No estoy incómoda en la edad que tengo; al contrario, es una época feliz, pero hay días que desearía rescatar la credulidad de la infancia: el monte de chañares, talas y espinillos no era solo monte: era el hábitat indiscutido de un demonio; había genios en las fuentes que adornaban el parque de Villa Titina, y siempre creí que en las antiguas casonas, algunas abandonadas, vivían hadas entre las tuyas y duendes bajo los hongos que las rodeaban. Los animales y la noche tenían un yo mágico que nos estremecía. Lo sabíamos, no había dudas: las cosas imaginarias eran más reales que nuestras tías de Buenos Aires, las lecciones de catecismo o las charlas de política de papá y sus amigos.

Creíamos en los Reyes Magos, pero el día en que un primo mayor nos dijo que los gnomos y su mundo –entrevisto a través de los libros de cuentos– no existían, lloré toda la noche.

Pero sé que no estuve equivocada, que he vivido en otra dimensión –una existencia donde las leyendas podían ser realidad– cuando recuerdo aquel mundo de encantamientos donde un puma podía beber a dos metros de distancia mientras no te sacaba los ojos de encima... O cuando te encontrabas en un cementerio abandonado con un zorrino, que solo habías visto en las películas de Walt Disney... O cuando descubrías una cascada que caía desde 600 metros por una hendija en las sierras y solo podías llegar hasta su base a pie.

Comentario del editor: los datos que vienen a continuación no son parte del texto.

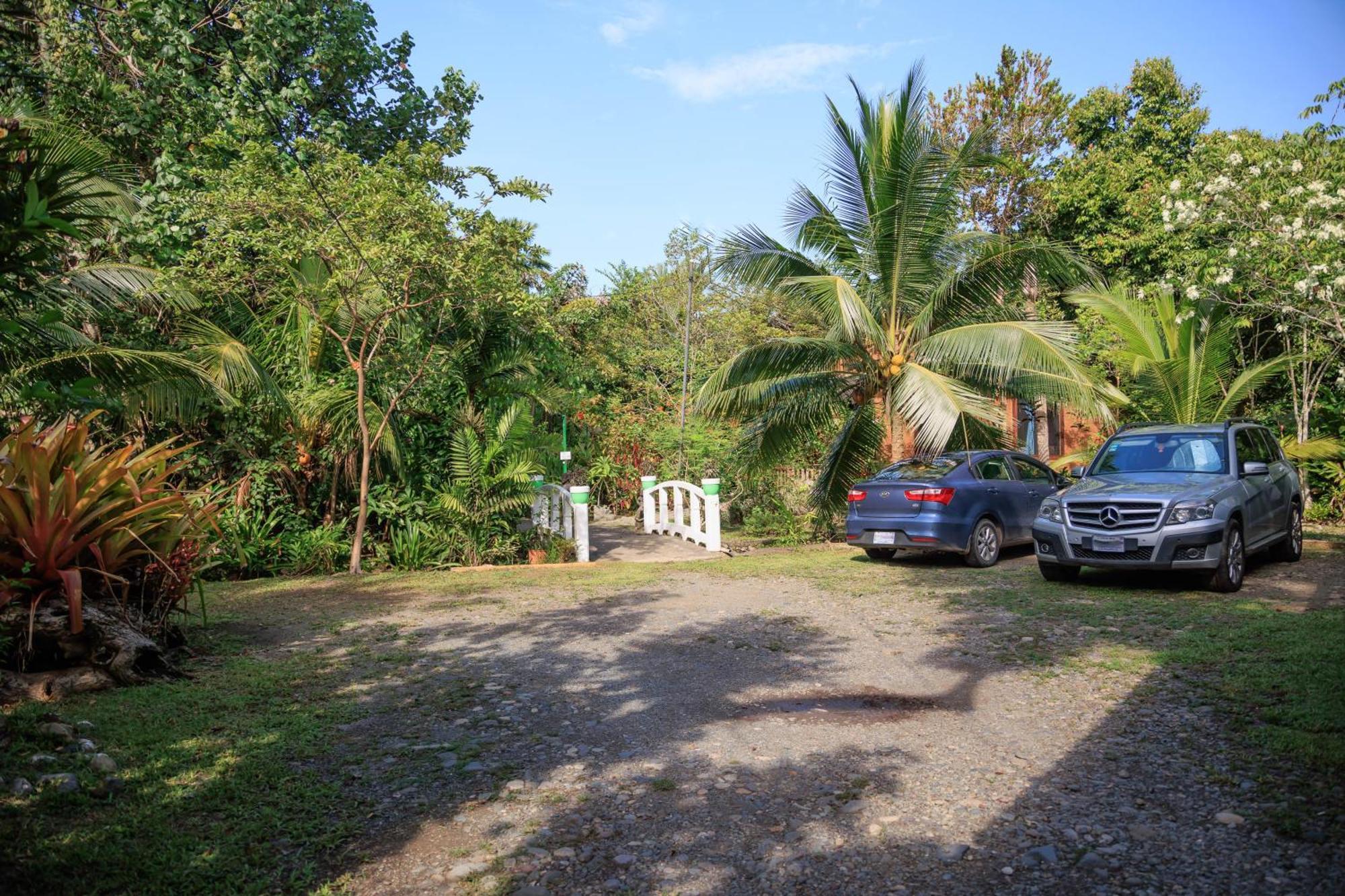 Bungalows Ache Cahuita Zewnętrze zdjęcie
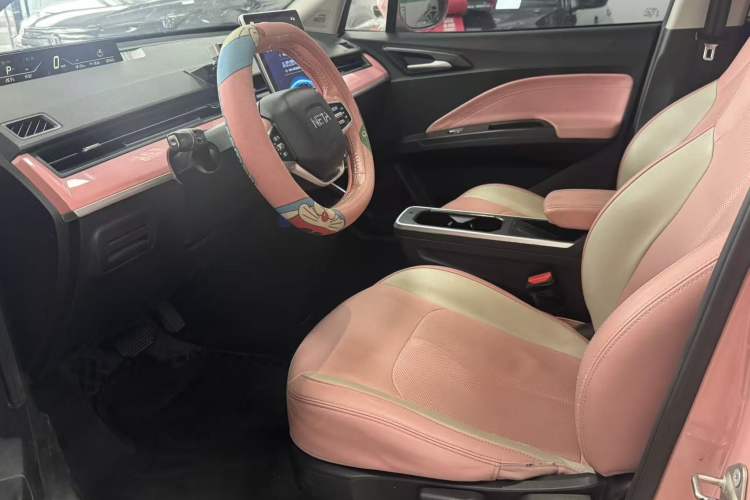 Used NETA V 2021 Witch Edition Interior 1
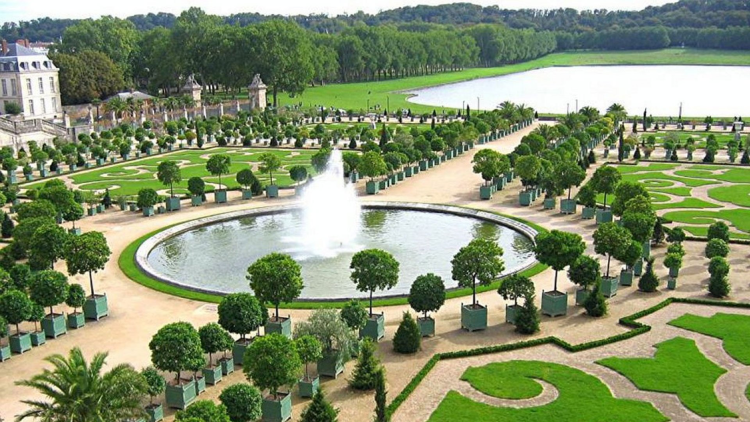 building-chateau-fountain-france-french-garden-palace Paris' most famous garden and its legend of the ghostly red man
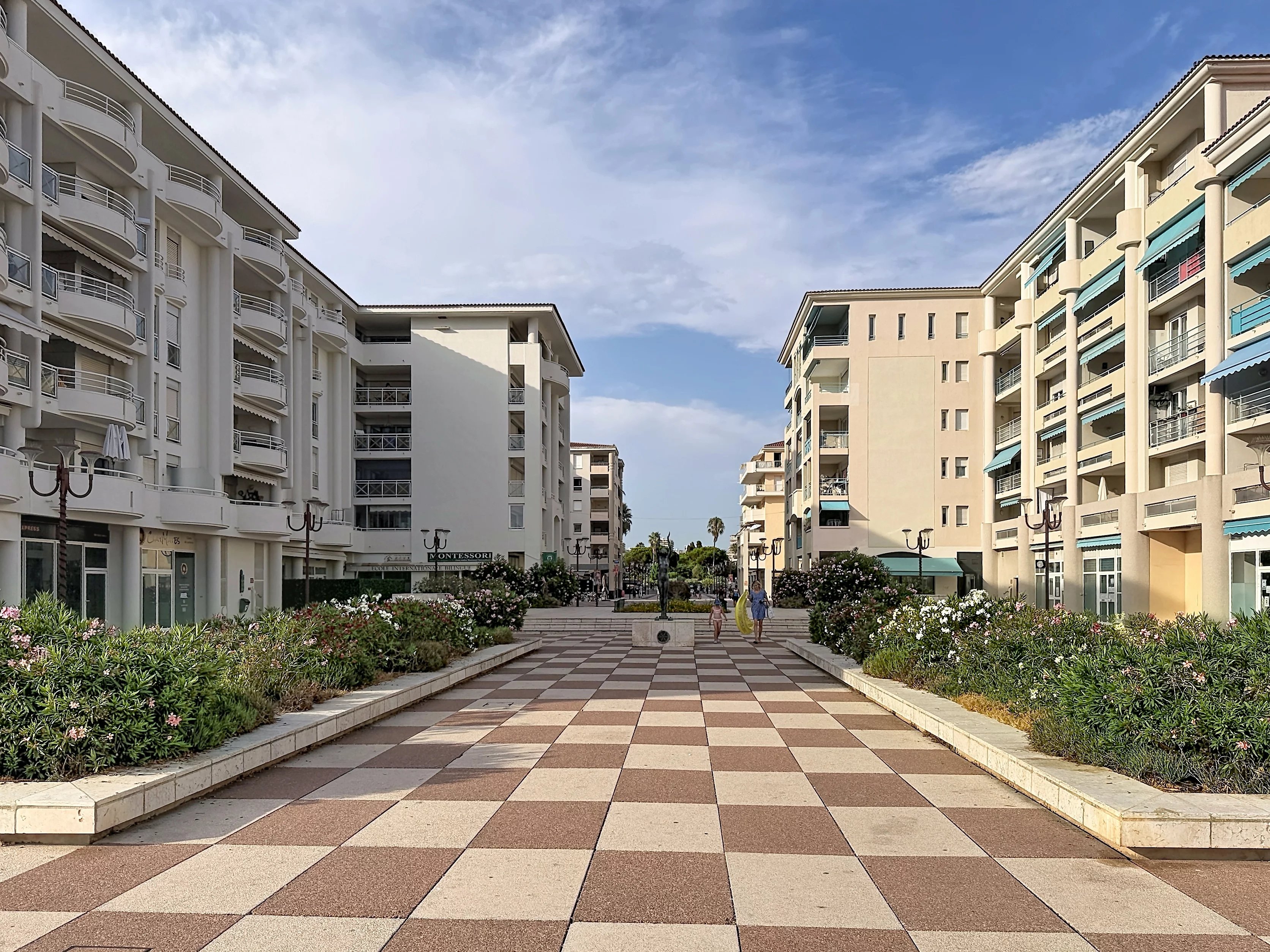 JUAN LES PINS - ENSEMBLE DE DEUX APPARTEMENTS – 102M2 - PISCINE PARC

Y aun en la vejez, me siguen atrayendo los lugares extraños, las gentes diferentes, los que van siempre contra la corriente, las situaciones imprevistas, las personas absurdas; en fin, que soy de aquellos que se levantan de noche para abrir las ventanas y dejar que entre el viento y la tormenta y desean volver a fumar, no por el tabaco, sino por el humo.

Sugerencias:

1) Regalemos a los niños libros de hadas o seres imaginarios, con buenas ilustraciones.

2) Recuerden que, según algunos psicólogos, estos relatos les dan una amplitud mental que agradecerán de grandes.

3) Adoptemos algún libro infantil para abrirlo de vez en cuando y recordar que la vida no es solo preocupación o tiempo de tregua.